> **Activity**: Only one stretch of the data below is needed. Output the lines from the one with "Larnaca Apartment |" up to and including the one with "106 Florence Avenue", exactly as they stand.

> **Records shown**:
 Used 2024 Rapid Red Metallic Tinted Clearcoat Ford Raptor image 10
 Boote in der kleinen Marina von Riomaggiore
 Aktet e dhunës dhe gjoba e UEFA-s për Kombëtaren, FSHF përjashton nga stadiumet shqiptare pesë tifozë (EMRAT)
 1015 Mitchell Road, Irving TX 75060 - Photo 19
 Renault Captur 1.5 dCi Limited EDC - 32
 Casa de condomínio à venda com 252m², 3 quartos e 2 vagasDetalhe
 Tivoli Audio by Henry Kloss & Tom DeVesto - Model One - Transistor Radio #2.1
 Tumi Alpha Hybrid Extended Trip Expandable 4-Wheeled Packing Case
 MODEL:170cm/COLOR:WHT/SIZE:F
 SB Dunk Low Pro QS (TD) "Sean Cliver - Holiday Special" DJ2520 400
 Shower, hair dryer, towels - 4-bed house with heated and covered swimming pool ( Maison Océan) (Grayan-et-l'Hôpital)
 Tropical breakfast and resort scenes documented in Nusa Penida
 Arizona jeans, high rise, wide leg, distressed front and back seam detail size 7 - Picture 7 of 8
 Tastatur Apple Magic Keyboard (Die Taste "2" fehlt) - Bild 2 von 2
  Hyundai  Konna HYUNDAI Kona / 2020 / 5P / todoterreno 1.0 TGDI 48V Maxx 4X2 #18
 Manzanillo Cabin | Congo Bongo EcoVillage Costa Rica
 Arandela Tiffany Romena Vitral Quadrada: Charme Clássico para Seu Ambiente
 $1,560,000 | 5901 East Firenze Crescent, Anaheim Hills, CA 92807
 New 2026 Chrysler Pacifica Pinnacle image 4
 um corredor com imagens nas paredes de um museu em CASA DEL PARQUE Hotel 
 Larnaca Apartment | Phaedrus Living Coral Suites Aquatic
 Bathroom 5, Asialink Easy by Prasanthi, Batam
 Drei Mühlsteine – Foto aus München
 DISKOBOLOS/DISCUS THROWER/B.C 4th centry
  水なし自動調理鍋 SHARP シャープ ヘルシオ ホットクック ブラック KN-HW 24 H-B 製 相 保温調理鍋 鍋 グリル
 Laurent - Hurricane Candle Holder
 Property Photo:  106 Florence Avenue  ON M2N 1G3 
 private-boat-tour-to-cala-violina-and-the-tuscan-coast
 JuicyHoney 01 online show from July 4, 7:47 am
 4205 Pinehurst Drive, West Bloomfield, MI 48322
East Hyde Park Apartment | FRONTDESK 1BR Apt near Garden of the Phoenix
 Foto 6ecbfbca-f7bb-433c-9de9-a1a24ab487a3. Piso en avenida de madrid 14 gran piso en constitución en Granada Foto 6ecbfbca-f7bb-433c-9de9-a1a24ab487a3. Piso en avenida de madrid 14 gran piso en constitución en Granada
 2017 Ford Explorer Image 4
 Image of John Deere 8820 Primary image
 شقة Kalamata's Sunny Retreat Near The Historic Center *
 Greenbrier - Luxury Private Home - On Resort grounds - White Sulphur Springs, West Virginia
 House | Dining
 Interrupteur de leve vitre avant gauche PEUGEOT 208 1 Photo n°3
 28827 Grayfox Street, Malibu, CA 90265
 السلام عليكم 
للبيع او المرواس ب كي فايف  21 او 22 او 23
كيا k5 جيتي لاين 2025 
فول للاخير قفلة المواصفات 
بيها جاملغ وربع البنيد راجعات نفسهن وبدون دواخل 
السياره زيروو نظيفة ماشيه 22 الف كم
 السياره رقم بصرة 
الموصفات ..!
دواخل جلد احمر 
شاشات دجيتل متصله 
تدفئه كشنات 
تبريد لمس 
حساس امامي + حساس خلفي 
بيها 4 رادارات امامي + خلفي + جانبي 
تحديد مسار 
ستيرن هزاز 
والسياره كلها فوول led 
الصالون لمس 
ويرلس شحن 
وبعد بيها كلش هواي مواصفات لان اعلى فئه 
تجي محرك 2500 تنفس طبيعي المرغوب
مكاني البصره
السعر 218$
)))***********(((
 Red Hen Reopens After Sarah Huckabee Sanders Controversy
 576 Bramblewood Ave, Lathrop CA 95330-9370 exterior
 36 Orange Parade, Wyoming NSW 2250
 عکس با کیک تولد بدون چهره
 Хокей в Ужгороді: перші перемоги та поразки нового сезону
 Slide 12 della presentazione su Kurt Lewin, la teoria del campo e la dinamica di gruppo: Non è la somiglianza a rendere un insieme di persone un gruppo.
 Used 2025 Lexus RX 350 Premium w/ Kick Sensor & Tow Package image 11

> **Completed exercise**:
 Larnaca Apartment | Phaedrus Living Coral Suites Aquatic
 Bathroom 5, Asialink Easy by Prasanthi, Batam
 Drei Mühlsteine – Foto aus München
 DISKOBOLOS/DISCUS THROWER/B.C 4th centry
  水なし自動調理鍋 SHARP シャープ ヘルシオ ホットクック ブラック KN-HW 24 H-B 製 相 保温調理鍋 鍋 グリル
 Laurent - Hurricane Candle Holder
 Property Photo:  106 Florence Avenue  ON M2N 1G3 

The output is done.